The model zoning ordinances of the mid-twentieth century outlawed the traditional urban form and established a suburban model that was superimposed upon traditional cities and towns. These ordinances forbade the addition of more urban form and even its replacement with urban form. The buildings of our traditional communities have survived as "exceptions" that are "grandfathered in," and they often require special "variances" to change uses.

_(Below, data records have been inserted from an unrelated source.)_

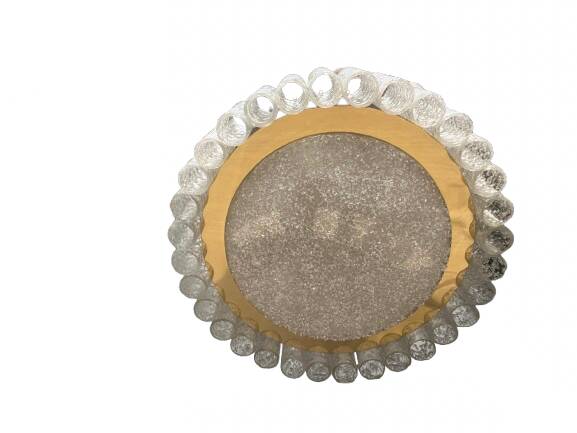 Metal and glass ceiling light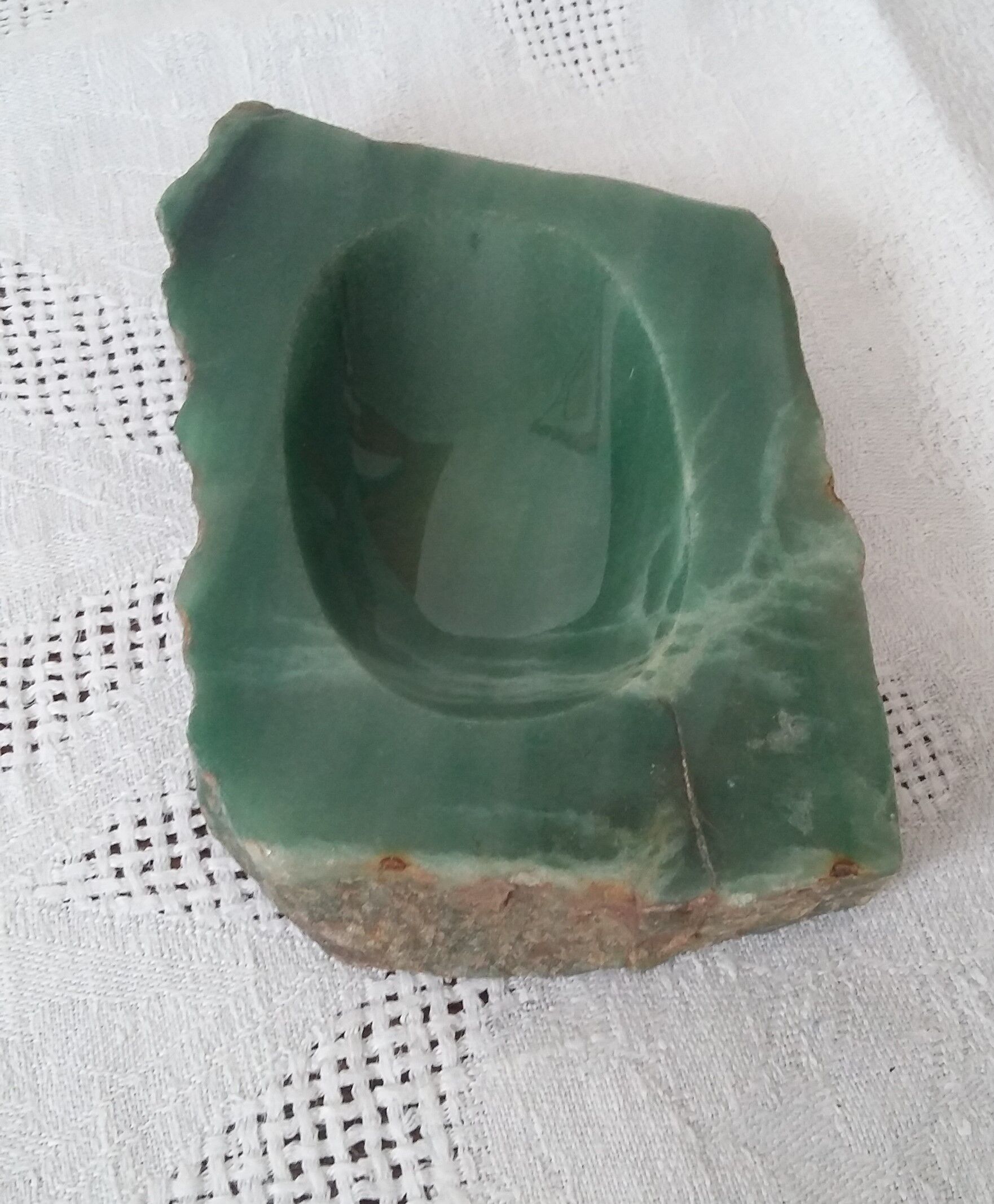 Green marble onyx ashtray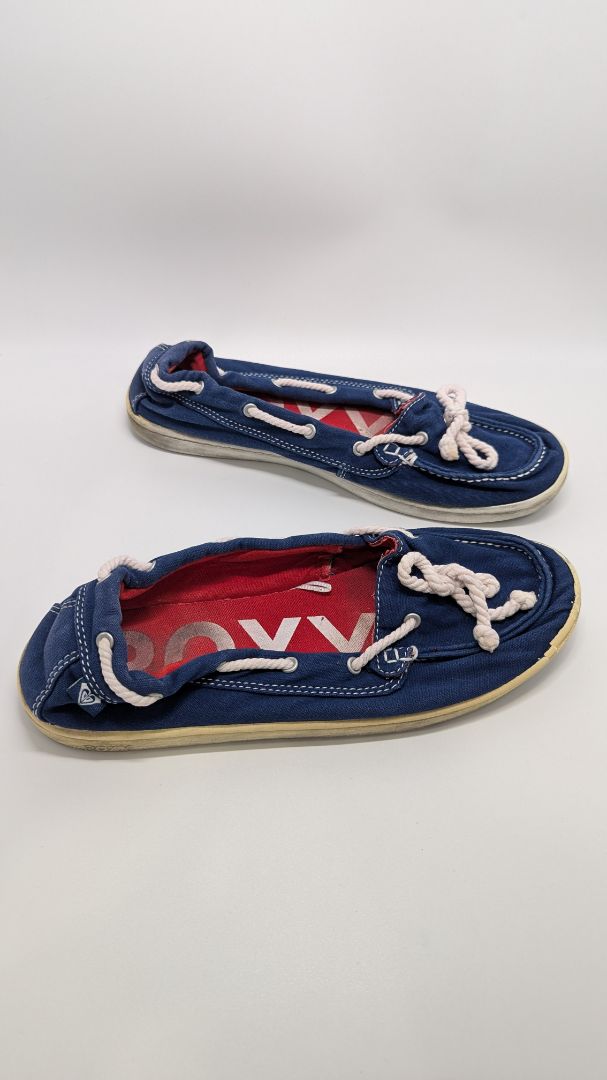 ROXY Blue/White Rope Boat Loafer Shoes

Zoning and restrictions such as the growth boundary have been determined by the courts to pass the constitutional muster, and there are instances where they can have some limited beneficial influence. (Zoning is best used to protect an existing community area from changes or an intrusion of uses that would undermine it; preservation of an area's historic character is an excellent example.) However, they are overused and should be religated to a minor role in the effort to reverse suburban sprawl. TOP /\
One restriction gaining popularity as the ultimate in sprawl control is the growth boundary. First implemented in Portland, Oregon, the growth boundary is a line drawn around a metropolitan area, beyond which no suburban uses are permitted (except that in Portland a five acre zoning was "grandfathered" in a few places outside the growth boundary and is now used in those areas for what Portlanders call "McMansions"). The growth boundary does effectively contain sprawl and keep it from moving outward as it would normally do, however, within it, the outmigration and land consumption of un-utilized areas continues.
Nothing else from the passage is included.